Another reason for the lack of success of Vatican diplomacy is related to its request for an immediate ceasefire. The Vatican overlooks that President Zelensky, at this time, understandably lacks both the willingness and the authority to make such a decision, simply because, unlike Putin, he is accountable to his country’s public opinion. A recent survey conducted across Ukraine, including the eastern and southeastern regions (excluding the Russian-occupied territories) and published in March 2023, reveals that 97 per cent of Ukrainians believe they will win the war against Russia, with 74 per cent confident that Ukraine will retain all territories within its internationally recognised borders established in 1991. If Zelensky were to negotiate under these circumstances, especially while Ukraine is in a counteroffensive phase and having already achieved success in Bakhmut, which was deemed a lost battle, he would risk inciting another “Maidan” uprising. One should not forget that Ukraine has a vibrant civil society (not only the “third sector” but all politically active citizens) that has traditionally held its government accountable for its choices and actions. That is why, since 1991, no Ukrainian president, except for Leonid Kuchma, has been re-elected for a second term. Furthermore, Ukraine has witnessed two revolutions, in 2004 and 2014, organised from the grassroots by Ukrainians who felt betrayed in their aspirations for a European future.
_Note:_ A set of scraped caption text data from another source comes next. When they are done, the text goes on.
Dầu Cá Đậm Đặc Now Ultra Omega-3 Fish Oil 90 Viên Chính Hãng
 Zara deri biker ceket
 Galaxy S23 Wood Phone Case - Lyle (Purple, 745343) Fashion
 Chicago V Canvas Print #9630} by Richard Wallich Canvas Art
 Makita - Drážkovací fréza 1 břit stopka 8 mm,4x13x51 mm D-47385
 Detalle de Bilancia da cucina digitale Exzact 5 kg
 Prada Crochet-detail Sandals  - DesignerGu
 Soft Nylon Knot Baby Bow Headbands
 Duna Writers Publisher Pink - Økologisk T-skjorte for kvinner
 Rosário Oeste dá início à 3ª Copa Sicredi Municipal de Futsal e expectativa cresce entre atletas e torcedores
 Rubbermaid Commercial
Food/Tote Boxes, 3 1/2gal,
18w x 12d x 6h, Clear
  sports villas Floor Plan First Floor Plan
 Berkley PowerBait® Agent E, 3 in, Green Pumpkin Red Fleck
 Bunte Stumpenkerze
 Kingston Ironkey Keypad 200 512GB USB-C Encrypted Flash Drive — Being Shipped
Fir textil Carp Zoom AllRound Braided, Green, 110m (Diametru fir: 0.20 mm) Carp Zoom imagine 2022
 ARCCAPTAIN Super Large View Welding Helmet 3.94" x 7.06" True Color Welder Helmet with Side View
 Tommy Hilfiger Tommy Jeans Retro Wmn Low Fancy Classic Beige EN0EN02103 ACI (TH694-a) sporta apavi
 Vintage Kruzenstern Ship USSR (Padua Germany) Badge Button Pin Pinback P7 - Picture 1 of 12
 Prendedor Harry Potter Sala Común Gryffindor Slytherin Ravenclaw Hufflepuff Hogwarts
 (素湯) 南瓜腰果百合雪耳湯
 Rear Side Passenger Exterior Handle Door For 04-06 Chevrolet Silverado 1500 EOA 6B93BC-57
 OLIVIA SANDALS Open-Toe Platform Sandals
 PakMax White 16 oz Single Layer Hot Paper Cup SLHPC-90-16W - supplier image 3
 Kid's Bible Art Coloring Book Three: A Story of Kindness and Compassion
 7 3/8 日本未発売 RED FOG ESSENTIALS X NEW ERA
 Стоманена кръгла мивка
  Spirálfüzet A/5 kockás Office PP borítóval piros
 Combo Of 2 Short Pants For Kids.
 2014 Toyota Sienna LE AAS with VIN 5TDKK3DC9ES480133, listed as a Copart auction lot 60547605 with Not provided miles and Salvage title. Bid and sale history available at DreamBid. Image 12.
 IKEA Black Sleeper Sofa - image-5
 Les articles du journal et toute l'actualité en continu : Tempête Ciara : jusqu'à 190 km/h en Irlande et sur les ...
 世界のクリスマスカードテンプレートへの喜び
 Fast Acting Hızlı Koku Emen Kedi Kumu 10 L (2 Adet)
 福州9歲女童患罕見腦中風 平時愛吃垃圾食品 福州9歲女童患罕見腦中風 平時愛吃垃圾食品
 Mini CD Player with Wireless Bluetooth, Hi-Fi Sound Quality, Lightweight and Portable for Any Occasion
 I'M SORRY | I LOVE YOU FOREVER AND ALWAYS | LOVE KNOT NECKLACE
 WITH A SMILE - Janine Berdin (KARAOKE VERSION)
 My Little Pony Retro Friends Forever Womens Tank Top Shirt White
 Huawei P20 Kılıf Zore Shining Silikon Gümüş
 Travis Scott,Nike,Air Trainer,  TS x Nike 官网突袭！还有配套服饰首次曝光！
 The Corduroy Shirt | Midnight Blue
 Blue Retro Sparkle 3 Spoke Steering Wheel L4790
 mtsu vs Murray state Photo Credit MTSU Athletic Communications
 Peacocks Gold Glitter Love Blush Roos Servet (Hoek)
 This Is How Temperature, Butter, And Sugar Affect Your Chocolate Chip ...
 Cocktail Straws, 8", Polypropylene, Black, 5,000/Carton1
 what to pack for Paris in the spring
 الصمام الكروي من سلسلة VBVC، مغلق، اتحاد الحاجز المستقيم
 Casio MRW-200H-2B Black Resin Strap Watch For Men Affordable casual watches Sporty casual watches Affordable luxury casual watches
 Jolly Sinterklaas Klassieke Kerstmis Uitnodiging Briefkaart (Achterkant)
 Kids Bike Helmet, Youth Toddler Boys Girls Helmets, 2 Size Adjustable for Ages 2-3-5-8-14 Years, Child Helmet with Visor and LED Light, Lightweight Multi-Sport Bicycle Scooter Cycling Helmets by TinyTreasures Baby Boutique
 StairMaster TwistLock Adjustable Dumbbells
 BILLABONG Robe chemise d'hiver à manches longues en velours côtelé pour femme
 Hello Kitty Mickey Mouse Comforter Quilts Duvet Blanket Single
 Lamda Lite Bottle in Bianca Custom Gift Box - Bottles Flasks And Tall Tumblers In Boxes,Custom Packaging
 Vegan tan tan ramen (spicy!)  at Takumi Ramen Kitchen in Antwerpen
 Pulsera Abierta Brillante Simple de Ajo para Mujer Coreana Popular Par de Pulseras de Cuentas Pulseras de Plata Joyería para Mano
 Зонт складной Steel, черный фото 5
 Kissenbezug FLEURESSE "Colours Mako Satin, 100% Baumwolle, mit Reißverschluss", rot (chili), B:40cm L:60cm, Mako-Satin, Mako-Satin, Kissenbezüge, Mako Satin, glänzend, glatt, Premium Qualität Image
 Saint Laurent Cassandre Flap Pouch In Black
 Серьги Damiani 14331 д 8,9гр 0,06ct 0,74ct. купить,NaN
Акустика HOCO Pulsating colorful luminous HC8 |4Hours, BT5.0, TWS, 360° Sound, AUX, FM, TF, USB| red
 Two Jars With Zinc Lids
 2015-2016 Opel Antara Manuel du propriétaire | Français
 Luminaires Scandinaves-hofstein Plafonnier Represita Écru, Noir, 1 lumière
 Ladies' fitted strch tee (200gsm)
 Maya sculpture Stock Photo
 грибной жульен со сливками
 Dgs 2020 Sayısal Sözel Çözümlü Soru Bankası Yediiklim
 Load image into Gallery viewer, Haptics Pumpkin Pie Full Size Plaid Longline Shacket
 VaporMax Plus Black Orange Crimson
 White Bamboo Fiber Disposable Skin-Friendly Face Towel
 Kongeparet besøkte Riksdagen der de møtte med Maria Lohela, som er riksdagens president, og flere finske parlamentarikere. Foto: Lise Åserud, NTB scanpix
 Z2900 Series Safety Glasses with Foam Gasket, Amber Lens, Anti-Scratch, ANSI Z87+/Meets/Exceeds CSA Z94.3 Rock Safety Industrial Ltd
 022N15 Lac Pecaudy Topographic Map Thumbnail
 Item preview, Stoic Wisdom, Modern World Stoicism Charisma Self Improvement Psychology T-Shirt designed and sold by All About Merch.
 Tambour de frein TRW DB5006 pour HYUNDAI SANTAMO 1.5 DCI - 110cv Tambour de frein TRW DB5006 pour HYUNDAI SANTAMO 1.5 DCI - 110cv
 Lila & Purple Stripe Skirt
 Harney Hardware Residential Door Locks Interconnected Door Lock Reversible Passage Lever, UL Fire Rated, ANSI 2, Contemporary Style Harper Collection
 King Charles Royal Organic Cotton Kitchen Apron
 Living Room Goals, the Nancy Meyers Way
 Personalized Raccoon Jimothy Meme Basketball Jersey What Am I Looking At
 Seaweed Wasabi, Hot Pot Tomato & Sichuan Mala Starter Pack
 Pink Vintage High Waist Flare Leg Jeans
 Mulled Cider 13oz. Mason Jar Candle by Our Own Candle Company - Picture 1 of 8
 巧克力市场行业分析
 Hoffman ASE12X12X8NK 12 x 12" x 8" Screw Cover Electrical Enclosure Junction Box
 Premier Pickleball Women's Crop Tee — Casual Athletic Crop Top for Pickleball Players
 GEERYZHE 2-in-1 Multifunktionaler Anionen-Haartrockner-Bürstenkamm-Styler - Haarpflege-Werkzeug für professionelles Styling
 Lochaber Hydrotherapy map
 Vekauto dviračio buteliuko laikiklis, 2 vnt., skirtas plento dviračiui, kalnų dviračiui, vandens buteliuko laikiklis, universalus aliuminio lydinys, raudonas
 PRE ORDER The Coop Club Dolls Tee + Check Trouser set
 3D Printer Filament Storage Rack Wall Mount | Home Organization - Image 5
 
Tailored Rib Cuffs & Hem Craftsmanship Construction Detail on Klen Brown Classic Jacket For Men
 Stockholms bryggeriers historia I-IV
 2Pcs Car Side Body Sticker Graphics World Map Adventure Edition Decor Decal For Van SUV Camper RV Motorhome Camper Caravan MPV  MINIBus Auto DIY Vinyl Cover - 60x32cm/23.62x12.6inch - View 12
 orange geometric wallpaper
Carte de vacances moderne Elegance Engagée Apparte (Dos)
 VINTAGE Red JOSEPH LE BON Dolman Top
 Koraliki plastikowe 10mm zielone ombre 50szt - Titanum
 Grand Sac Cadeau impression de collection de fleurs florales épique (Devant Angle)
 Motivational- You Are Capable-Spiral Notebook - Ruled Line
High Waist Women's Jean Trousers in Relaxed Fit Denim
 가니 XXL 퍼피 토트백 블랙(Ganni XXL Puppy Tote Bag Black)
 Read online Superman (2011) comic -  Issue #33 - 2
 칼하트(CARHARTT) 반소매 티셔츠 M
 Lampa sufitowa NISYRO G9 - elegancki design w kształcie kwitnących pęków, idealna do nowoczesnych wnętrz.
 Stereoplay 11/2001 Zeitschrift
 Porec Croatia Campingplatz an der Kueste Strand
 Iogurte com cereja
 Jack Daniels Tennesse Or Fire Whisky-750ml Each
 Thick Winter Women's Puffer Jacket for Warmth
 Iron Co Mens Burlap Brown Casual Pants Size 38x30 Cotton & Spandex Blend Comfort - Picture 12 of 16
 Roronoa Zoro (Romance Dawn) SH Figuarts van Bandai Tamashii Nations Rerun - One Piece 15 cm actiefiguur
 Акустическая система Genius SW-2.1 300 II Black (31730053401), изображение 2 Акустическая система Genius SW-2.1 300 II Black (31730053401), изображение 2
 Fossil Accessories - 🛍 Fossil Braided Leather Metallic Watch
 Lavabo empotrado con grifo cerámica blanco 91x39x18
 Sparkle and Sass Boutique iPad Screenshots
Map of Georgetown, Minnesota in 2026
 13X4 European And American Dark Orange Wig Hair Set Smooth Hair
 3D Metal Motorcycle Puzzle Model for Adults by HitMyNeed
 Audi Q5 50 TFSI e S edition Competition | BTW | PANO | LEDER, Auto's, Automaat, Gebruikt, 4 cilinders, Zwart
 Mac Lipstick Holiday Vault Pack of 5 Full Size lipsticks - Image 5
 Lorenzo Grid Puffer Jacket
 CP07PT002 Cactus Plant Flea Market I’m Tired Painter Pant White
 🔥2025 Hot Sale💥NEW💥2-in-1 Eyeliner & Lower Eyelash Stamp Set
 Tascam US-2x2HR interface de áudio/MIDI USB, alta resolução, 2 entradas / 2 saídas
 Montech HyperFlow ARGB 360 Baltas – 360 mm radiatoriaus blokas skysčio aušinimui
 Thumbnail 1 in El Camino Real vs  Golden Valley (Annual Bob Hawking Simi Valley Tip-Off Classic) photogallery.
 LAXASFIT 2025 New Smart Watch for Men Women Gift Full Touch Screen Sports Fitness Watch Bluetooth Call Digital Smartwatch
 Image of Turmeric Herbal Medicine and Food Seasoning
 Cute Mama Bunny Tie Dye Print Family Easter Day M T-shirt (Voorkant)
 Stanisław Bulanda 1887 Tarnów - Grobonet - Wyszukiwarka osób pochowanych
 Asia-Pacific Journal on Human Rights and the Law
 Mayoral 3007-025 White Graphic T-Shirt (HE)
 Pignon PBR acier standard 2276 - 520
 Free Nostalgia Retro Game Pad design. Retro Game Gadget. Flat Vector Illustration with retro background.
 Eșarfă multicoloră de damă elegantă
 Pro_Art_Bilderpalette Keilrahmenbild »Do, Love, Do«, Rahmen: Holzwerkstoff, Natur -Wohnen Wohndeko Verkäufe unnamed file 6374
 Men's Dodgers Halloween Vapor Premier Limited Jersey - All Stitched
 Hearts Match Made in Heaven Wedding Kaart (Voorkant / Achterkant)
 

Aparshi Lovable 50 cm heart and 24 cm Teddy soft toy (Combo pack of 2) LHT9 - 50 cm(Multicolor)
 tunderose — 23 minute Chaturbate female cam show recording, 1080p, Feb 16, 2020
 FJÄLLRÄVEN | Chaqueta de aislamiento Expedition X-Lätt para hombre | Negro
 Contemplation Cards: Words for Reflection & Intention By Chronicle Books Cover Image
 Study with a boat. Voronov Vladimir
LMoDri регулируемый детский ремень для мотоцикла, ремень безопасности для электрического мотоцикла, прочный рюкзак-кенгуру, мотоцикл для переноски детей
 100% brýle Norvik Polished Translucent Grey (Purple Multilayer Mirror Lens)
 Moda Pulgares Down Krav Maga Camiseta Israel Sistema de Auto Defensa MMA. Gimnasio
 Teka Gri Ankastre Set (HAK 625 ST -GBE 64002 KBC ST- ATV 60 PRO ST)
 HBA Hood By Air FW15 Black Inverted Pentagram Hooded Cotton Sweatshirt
In Ukraine, today’s war is perceived as an anti-colonial struggle for physical survival against the Russian invader, for freedom and for Europe. It is precisely due to this military, political and social context that the Vatican’s diplomacy has failed and is unlikely to succeed in the future, except in matters pertaining to humanitarian issues related to the war.
Nona Mikhelidze is Senior Fellow at the Istituto Affari Internazionali (IAI).